Daniel Auteuil offers a crowd-pleasing remake of a Marcel Pagnol classic.

It’s likely that purists will take issue with Daniel Auteuil's remake of Marcel Pagnol's 1940 film, since he adds a glossy veneer to the raw, neo-realist theatrics of the original.

PARIS — A perfectly packaged kickoff to actor-turned-director Daniel Auteuil’s reboot of four works by Marcel Pagnol, The Well-Digger’s Daughter (La Fille du puisatier) is a polished, finely acted tale of love and class in the south of France. Though its academic style and old-school morals may keep younger audiences away, Daughtershould find takers among mature art-house moviegoers, with a star-studded cast bringing in solid theatrical and ancillary at home.

It’s likely that purists will take issue with Auteuil’s remake of the 1940 film, which starred Pagnol regulars Raimu and Fernandel in a lengthy, 170-minute version whose production was prolonged due to the events of World War II. While Auteuil (playing the Raimu role) actually recreates certain scenes almost line for line, he adds a glossy veneer to the raw, neo-realist theatrics of the original, layering it with sun-soaked cinematography by Jean-Francois Robin (Nelly & Monsieur Arnaud) and a slick, flowing score from Alexandre Desplat (The King’s Speech).

If, in being so faithful to the text, Auteuil offers few insights into how Pagnol’s oeuvre could seem relevant in contemporary times, he does invite viewers to re-experience the auteur’s charming dialogues, attitudes and accents – to enjoy his clever stories of social strife and marital mores as they’re lived by provincial folk during the early decades of the 20th century. It will be curious to see how this carries through to his upcoming remake of the “Marseillais Trilogy” of Marius, Fanny and César, due out in 2012.

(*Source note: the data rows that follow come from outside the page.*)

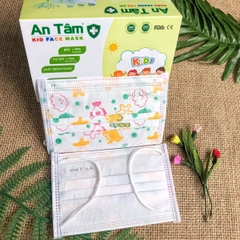 Khẩu trang y tế cho bé An Tâm chống bụi mịn kháng khuẩn hộp 50 tiết cute cho bé từ 5 - 12 tuổi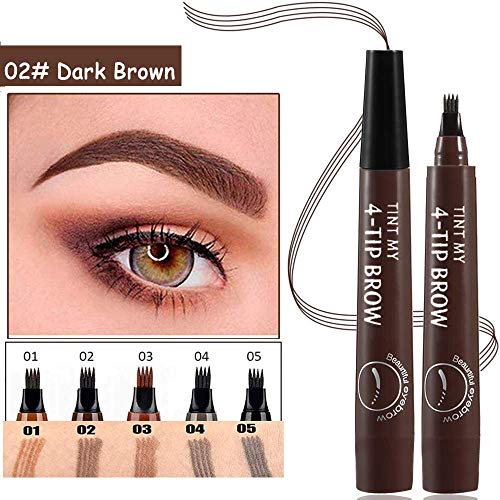 Lápiz Para Tatuaje de Cejas, Lápiz de Cejas Microblading, Lápiz de Cejas de 4 Puntos, Crea Un Maquillaje Duradero, Cejas Naturales Cubre áreas Dispersas, Lápiz de Cejas Impermeable con Regalo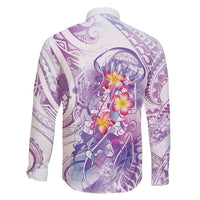 Lavender Polynesian Jellyfish Family Matching Long Sleeve Bodycon Dress and Hawaiian Shirt Watercolor Glows - Polynesian Pride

In The Well-Digger’s Daughter, the titular character, named Patricia (Astrid Berges-Frisbey), is one of six girls that the cantankerous and witty Pascal Amoretti (Auteuil) is forced to raise on his own after the death of his wife. Educated in Paris and with a svelte, allusive beauty, the 18-year-old Patricia is her daddy’s “princess,” and definitely ripe for a prince. He soon comes along in the form of Jacques Mazel (Nicolas Duvauchelle), the swarthy son of a local hardware salesman (Jean-Pierre Darroussin) and housewife (Sabine Azema), whose attachment to her only child would be potent fodder for Freud.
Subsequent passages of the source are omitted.